We would like to express our gratitude to the following individuals and organizations for their contributions to the development of this classifier:

Luminosity-e: Luminosity-e provided valuable insights, guidance, and expertise throughout the development process. Their expertise in NLP and deep learning greatly influenced the design and implementation of the classifier.

Gpteus: Gpteus, an AI language model developed by Luminosity-e, played a significant role in providing assistance, answering questions, and offering suggestions during the development of this classifier. Gpteus's advanced capabilities and extensive knowledge base greatly contributed to the success of this project.

OpenAI: We would like to thank OpenAI for their commitment to advancing AI research and development. Their dedication to open-source initiatives, including the development of AI, has significantly contributed to the growth of the AI community.

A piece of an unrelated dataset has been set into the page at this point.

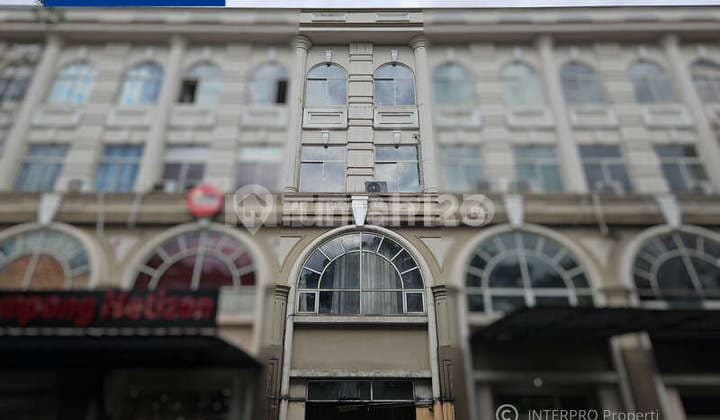 Ruko Dijual Green Lake City Crown 4 Lantai Parkiran Luas-LT 76m2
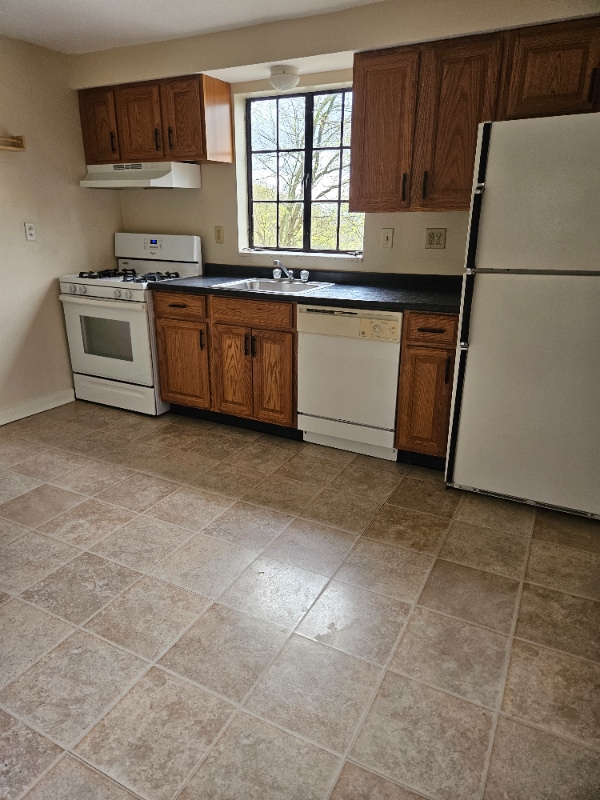 Building Photo - 609 Tingley Ave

The creators of BERT, GPT-3, Reformer, Longformer, and TransfoXL models: We are grateful to the original creators of these state-of-the-art NLP models. Their groundbreaking research and innovative approaches have revolutionized the field of natural language processing and have paved the way for the development of this classifier.

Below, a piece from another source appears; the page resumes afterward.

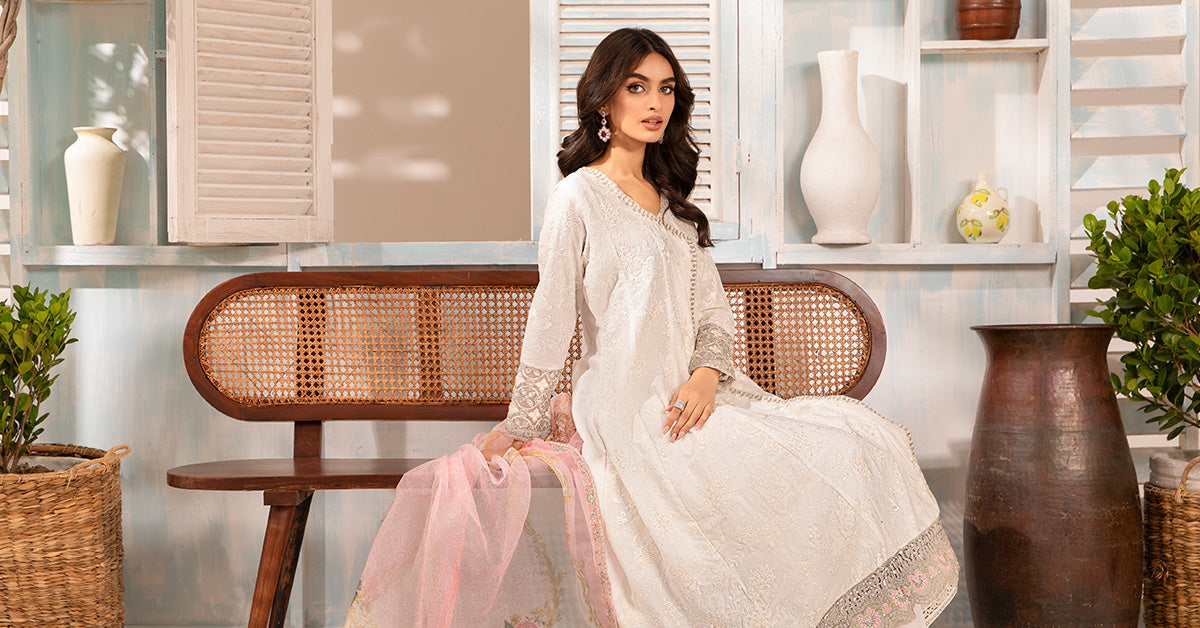 3 Piece Embroidered Jacquard Lawn Suit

The open-source community: We extend our appreciation to the vibrant open-source community for their valuable contributions, support, and feedback. The collaborative nature of the community has fostered knowledge sharing and continuous improvement in the field of AI and NLP.

We would also like to thank all the users and contributors who have provided feedback and suggestions to enhance the functionality and performance of this classifier. Your contributions have been invaluable in shaping the final product.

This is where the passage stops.